Quanto à elite política, os exemplos de má condução dos assuntos do Estado multiplicam-se: a gestão desastrosa do Brexit, que paralisou Governo e Parlamento ou o comportamento desonroso do ex-ministro da Defesa, Gavin Williamson, surpreendentemente reconduzido no actual Executivo, que divulgou o conteúdo de uma reunião confidencial do Conselho de Segurança Nacional, atestam a má figura que os britânicos têm feito perante o mundo incrédulo.

Simultaneamente, a conduta de certos actores políticos nada tem feito em abono da sua classe e da reputação grangeada pelos seus pretéritos: o apelo de Jacob Rees-Mogg ao boicote das instituições europeias em caso de adiamento do Brexit – pelo qual ele mesmo foi um dos responsáveis ao chumbar na primeira votação o acordo de saída da UE – revelador de falta de sentido de Estado e de dignidade, provando que o fato de Savile Row não faz o gentleman, ou o comportamento arruaceiro dos eurodeputados do partido Brexit no Parlamento Europeu, de costas voltadas para o hemiciclo, num acto de hostilidade e desrespeito por uma instituição democrática, são dois tristes exemplos de comportamento indigno.

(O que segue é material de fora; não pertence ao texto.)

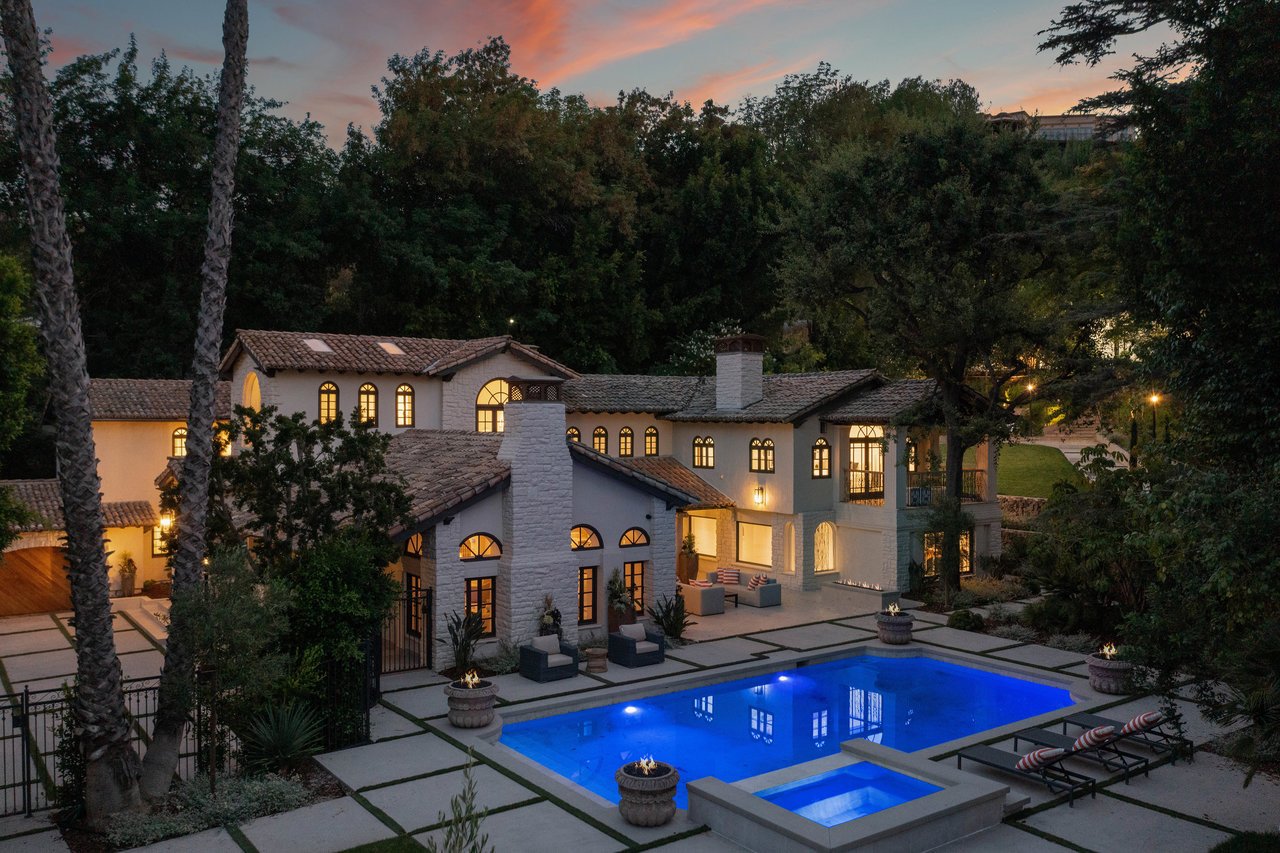 4611 Balboa Ave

Como se tal não bastasse, a nomeação do exuberante Boris Johnson –  aspirante a novo Churchill, com o qual tem apenas em comum o jeito para a frase eloquente e a excentricidade aristocrática, embora no seu caso, de origem longínqua e por via ilegítima – como líder do Partido Conservador e, por inerência, primeiro-ministro, nada augura de bom, conhecidas que são a sua inconstância e a inclinação demagógica.

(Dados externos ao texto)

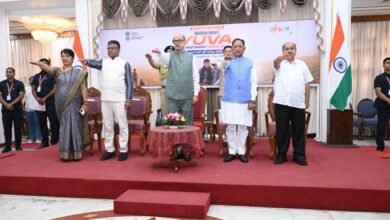 रायपुर : राज्यपाल श्री रमेन डेका और मुख्यमंत्री श्री विष्णु देव साय की उपस्थिति में लोक भवन से ‘नशा मुक्त युवा विकसित भारत संकल्प अभियान’ का शुभारंभ रायपुर : राज्यपाल श्री रमेन डेका और मुख्यमंत्री श्री विष्णु देव साय की उपस्थिति में लोक भवन से ‘नशा मुक्त युवा विकसित भारत संकल्प अभियान’ का शुभारंभ
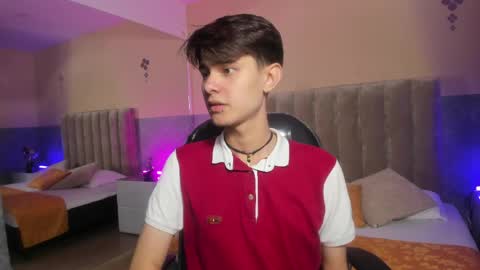 derek_sinn online show from April 2026 07:52:02 PM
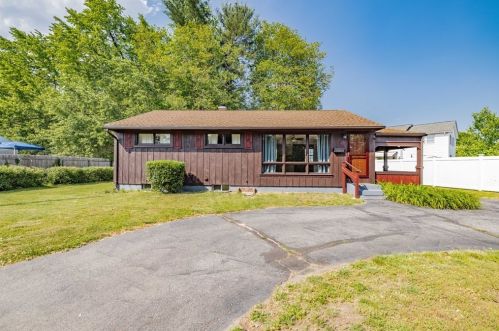 94 Cora Ave, Chicopee, MA 01013-1916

No que à milenar monarquia diz respeito, parece ter optado, num afã de modernização, por reflectir as mudanças sociais e militar em causas em voga, empenhando-se num activismo que compromete o seu carácter eminentemente simbólico e representativo da continuidade e da tradição, acima da sociedade e dos seus debates, arriscando, em nome de uma popularidade imediata e momentânea, o seu prestígio no longo prazo, pois a sua razão de ser radica precisamente no facto de não ser moderna.

Parafraseando a famosa frase de Marcellus, personagem de “Hamlet”, algo está podre no Reino Unido.

O autor escreve de acordo com a antiga ortografia.